Work to complete: Look through the listing below for the line containing "Traueranzeige von Toralf". Copy it and each line after it up to and including the line containing "Front wiper blade", exactly, leaving out pictures.

Available data:

--------------------

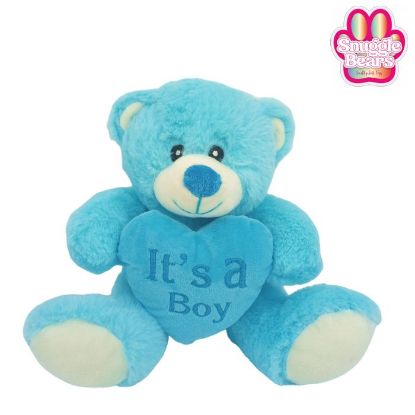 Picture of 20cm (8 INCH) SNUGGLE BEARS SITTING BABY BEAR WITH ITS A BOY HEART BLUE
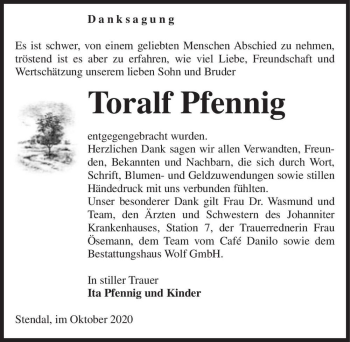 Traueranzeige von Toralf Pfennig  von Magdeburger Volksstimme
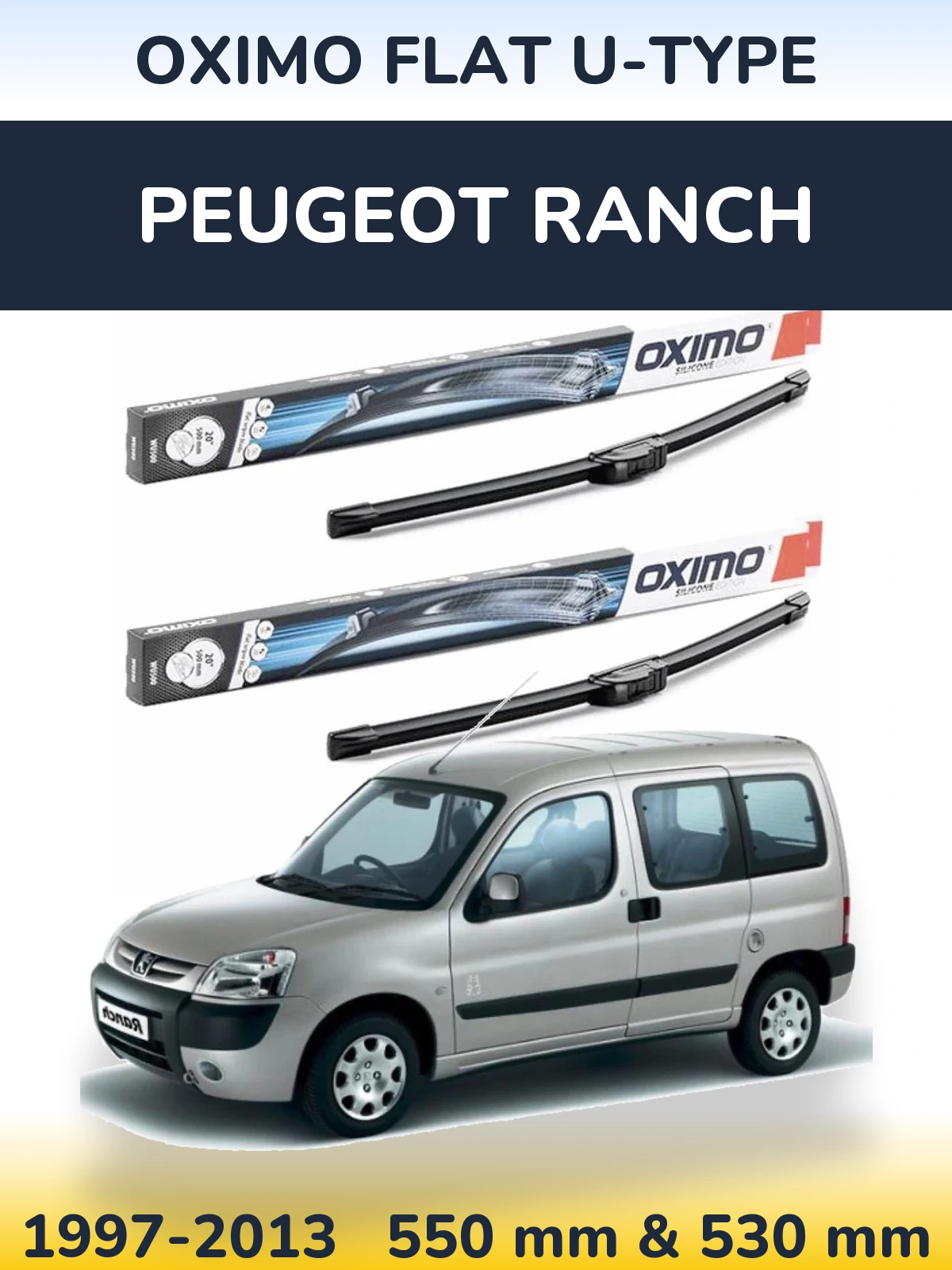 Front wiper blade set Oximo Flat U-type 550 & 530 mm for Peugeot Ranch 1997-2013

--------------------

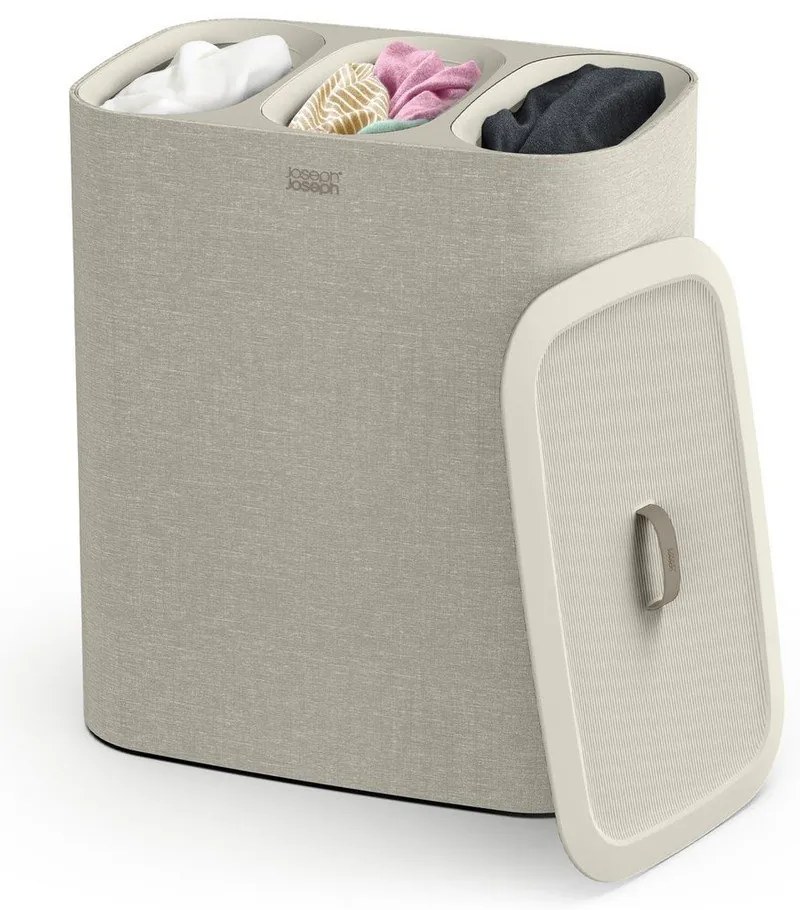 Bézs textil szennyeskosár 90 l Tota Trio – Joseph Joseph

--------------------

Output for this task:
 Traueranzeige von Toralf Pfennig  von Magdeburger Volksstimme
 Front wiper blade set Oximo Flat U-type 550 & 530 mm for Peugeot Ranch 1997-2013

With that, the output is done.